Do 21st century Arkansas kids still attend classes in 19th century school buildings?
A recently completed survey of Arkansas’s school facilities says the answer is yes, but it appears that the number of children that do is very small. Still, the same report lists dozens of nearly-as-old school buildings throughout the state, including a number of pre-war — as in pre-WWI — schools right here in the Little Rock School District.
For educators attempting to teach in these historic piles, the school day can be challenging for more than academic reasons.
The report, compiled for the legislature’s Joint Committee on Educational Facilities, is a comprehensive audit of the state’s 6,569 school buildings, with information on condition, age and cost of continuing maintenance. While more than 5,800 of those buildings were built after 1950, structures dating from far before WWII are scattered on school campuses all across Arkansas.
The report lists seven buildings built in 1900 or earlier (though only one of these, a 1900 band and music room on the campus of the Lead Hill High School, is apparently still used for classroom space), and another 54 constructed prior to 1920. At least 15 among that number are still used for classroom space.
Richard Shelby is the deputy superintendent of Paragould School District. In addition to riding herd on the district’s grounds and transportation, Shelby’s duties include overseeing maintenance on Paragould’s school buildings, which include a few WPA-era structures and Woodrow Wilson Elementary, built in 1911 as a high school building and still used as classroom space for students in kindergarten through fifth grade. Keeping the older buildings up and running is a daily challenge for maintenance. In the last two or three years, Shelby said, his district has spent close to $12 million on renovations to Wilson and other buildings in the district. In addition to many of the older buildings being not very energy efficient, with high ceilings and some drafty windows, Shelby said a few of the schools outside the Paragould city limits have heating systems fueled by propane, which costs more than natural gas.
It’s a set of problems that are well known to Riverside School District superintendent Larry Nowlin. Though Riverside’s 1919 main building was renovated extensively in the late 1940s, he still deals with the hassles of maintaining the school’s flat roofs and single-pane windows. Many of his headaches in recent years have centered on how to put 21st century technology into a building that was wired for a simpler era.

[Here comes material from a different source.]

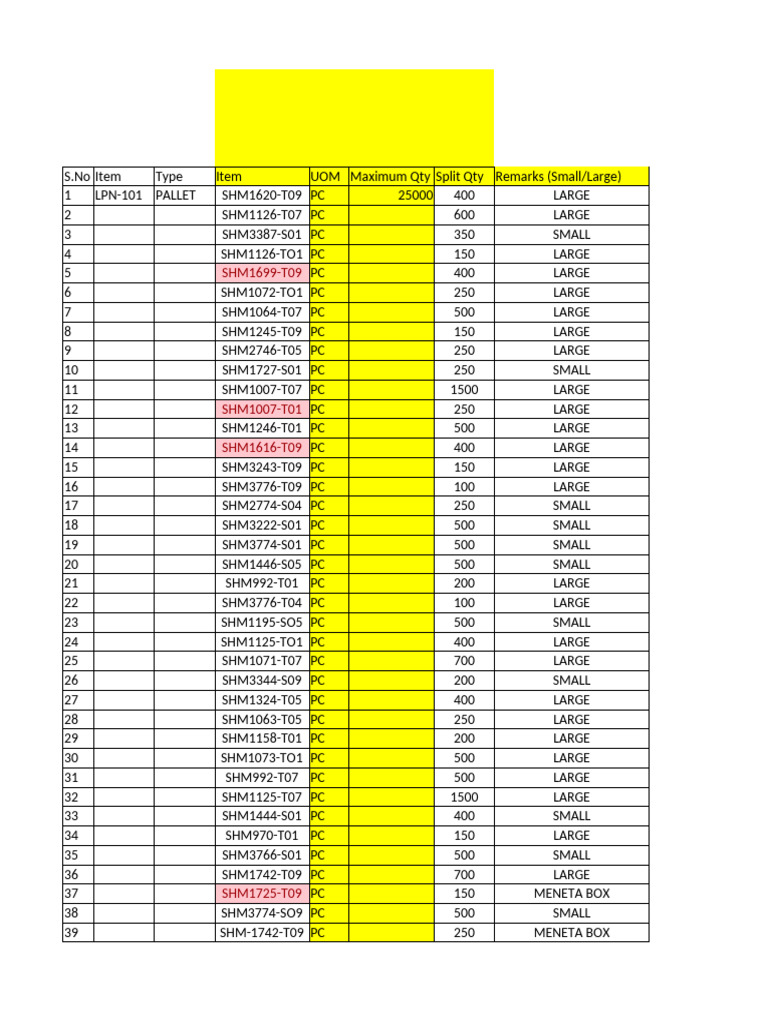 Inventory List of Items and Quantities | PDF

“The need in 1970 wasn’t as great for outlets as it is now. We used the chalkboards,” Nowlin said. “We didn’t have the computers and the smartboards, and all the different things to use. It wasn’t that big a deal. Nowadays there’s so much that you need up-to-date electrical.” Such problems were even worse, Nowlin said, during his 19-year tenure as coach and then principal of Earle School District. Their World War I-era main building, Nowlin said, was heated by steam radiators, and most of the classrooms lacked air conditioning as late as his departure in 1989. At Earle, as with many of the older buildings in the state, Nowlin said it was all but impossible to add things like modern ductwork.
“The floors were solid concrete,” Nowlin said. “The building was sturdy, probably a lot more sturdy than what they build now. Concrete slab floors and things like that. The problem was there wasn’t any initial infrastructure for [modern conveniences]. It’s hard to retrofit that kind of thing.”

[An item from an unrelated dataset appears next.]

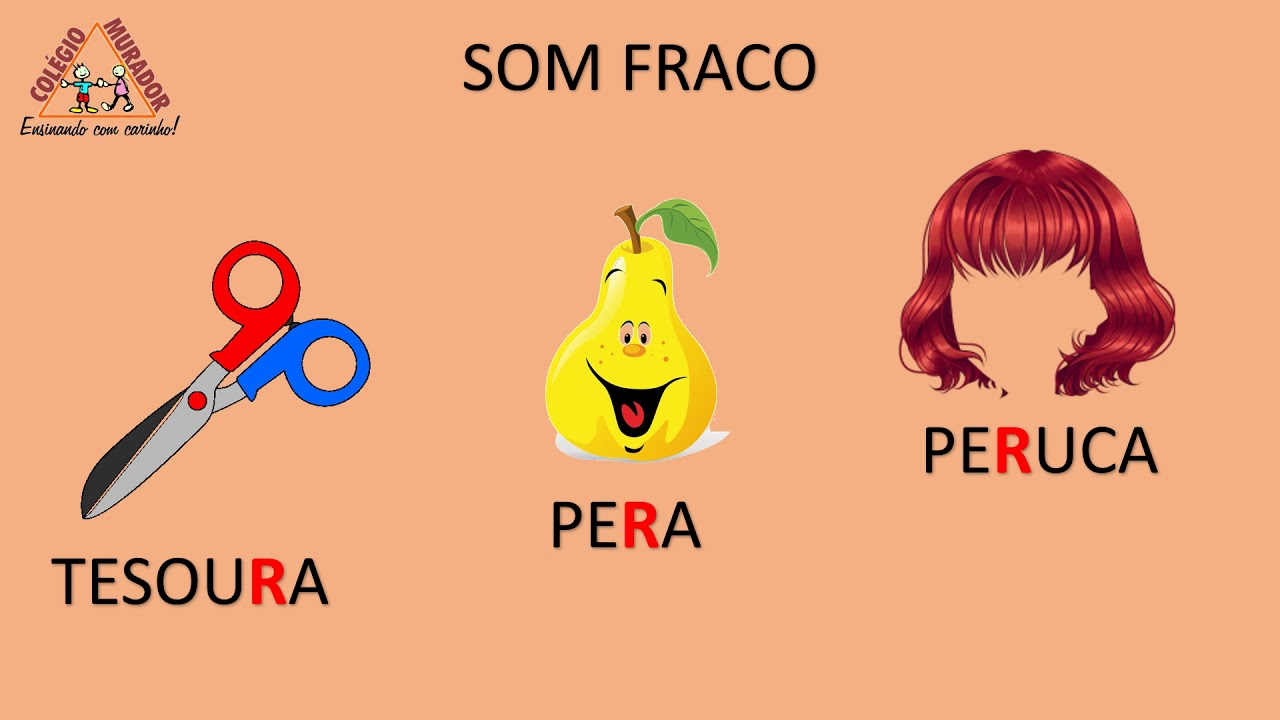 Aula de Português - Os sons da letra R - 1° ano A - 11/06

The Little Rock School District has some of the oldest school buildings in the state, with an average age that approaches 50 years old. Rightsell Elementary, built in 1906, is the oldest operating elementary school in the state.
The principal of Rightsell, Eunice Thrasher, said the district has done a good job of keeping up the school, adding that teaching in a building that old has both its benefits and its challenges. Though Thrasher looks forward to getting rid of the school’s antiquated heating and cooling systems when Rightsell comes up for renovations next year, she said that teachers enjoy the space it provides. “Many of the teachers here love the large classrooms,” Thrasher said. “In the new structures, the classrooms aren’t as large, and we have lots of windows and lots of light.”
Close behind Rightsell, though currently in limbo while the Little Rock School Board figures out how much money it wants to spend on it, is Mitchell Elementary, built in 1908. With Mitchell’s students currently bused across town to attend classes at Badgett Elementary near the airport, the board recently allocated $2.2 million to fix problems like mold, water damage, and cracking plaster. District spokesperson Sue Ellen Vann said estimates show that it will take another $1 million on top of that to get students back in the classroom.
“That’s a decision point,” Vann said. “That information has just been shared with the board, and they have to make a decision. Are they willing to put more than $3 million into that building and still not have an adequate building for today’s needs? Is there a better way to make use of those funds?” Even after the renovation, she noted, “You’ve still got an old building,” Vann said. “You’ve made a three-million-dollar-plus patch, compared to using this fund in some other way that will benefit us better in the long term.”